We still know our code better than compilers.

Or a case of unnecessary CPU lock instruction

Taras Tsugrii's photo
Taras Tsugrii
·Apr 20, 2021·

2 min read

Compilers brought a huge productivity and performance boost thanks to their ability to translate high-level abstractions into highly-optimized low-level instructions. In fact they are so good at optimizing our code, that we just expect them to understand our code even better than us and for the most part it's a reasonable expectation. At the same time it's important to remember that we can still reason better about our code and when we expect a particular optimization, we should always verify it by checking out the generated assembly. Take following code snippet as an example:

#include <atomic>
using namespace std;

int trivial_inc() {
    atomic<int> num;
    return num.fetch_add(1);

Even though num is an atomic int, we can easily convince ourselves that since num is a local variable that does not escape trivial_inc function and is initialized to 0, we'd expect compiler to turn this code into something like

int trivial_inc() {
    int num = 0;
    return num + 1;

which can be further simplified to

int trivial_inc() {
    return 1;

But here is what clang with -O3 is producing:

trivial_inc():                       # @trivial_inc()
        mov     eax, 1
        lock            xadd    dword ptr [rsp - 8], eax

While it's able to remove most atomic<int> traces, notice that it's still updating its value using unnecessary lock xadd instruction.

Surely Rust with all its superior zero-cost abstractions will not repeat the same mistake, or would it?
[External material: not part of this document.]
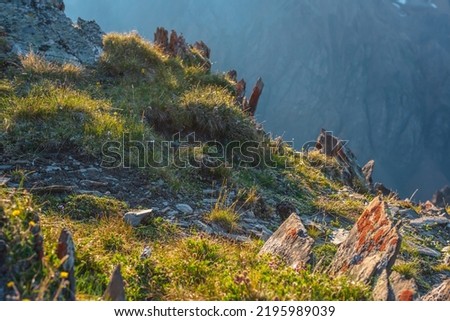 Colorful mountain scenery on abyss edge with sharp stones among green flora in sunlight. Sunny view from cliff at very high altitude. Scenic alpine landscape with beautiful sharp rocks in sunshine. Royalty-Free Stock Photo #2195989039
Let's check

use std::sync::atomic::{AtomicUsize, Ordering};

fn trivial_atomic() -> usize {
    let count: AtomicUsize = AtomicUsize::new(0);
    count.fetch_add(1, Ordering::SeqCst)

Oh no, we an see the same

    movl    $1, %eax
    lock        xaddq    %rax, 24(%rsp)

Oh well, it's nice to know that we should expect more wins in the future from our compilers. To wrap up, I couldn't check what Go would do in this case

package main

import "sync/atomic"

func trivial_inc() uint64 {
    var num uint64 = 0
    atomic.AddUint64(&num, 1)
    return num

And oh no

v12 00003 (+6) LEAQ type.uint64(SB), AX
v14 00004 (6) MOVQ AX, (SP)
v7   00005 (6) PCDATA $1, $0
v7   00006 (6) CALL runtime.newobject(SB)
v9   00007 (6) MOVQ 8(SP), AX
v18 00008 (+7) MOVL $1, CX
v10 00009 (7) LOCK
v10 00010 (7) XADDQ CX, (AX)
v15 00011 (+8) MOVQ (AX), AX
v17 00012 (8) MOVQ AX, "".~r0(SP)
b1 00013 (8) RET
     00014 (?) END

So in addition to using unnecessary LOCK, Go's compiler also allocates num on the heap (CALL runtime.newobject(SB)) :(

Well, nothing is perfect and I still admire compilers, but for things that matter, we should always look under the hood to see if there are no surprises.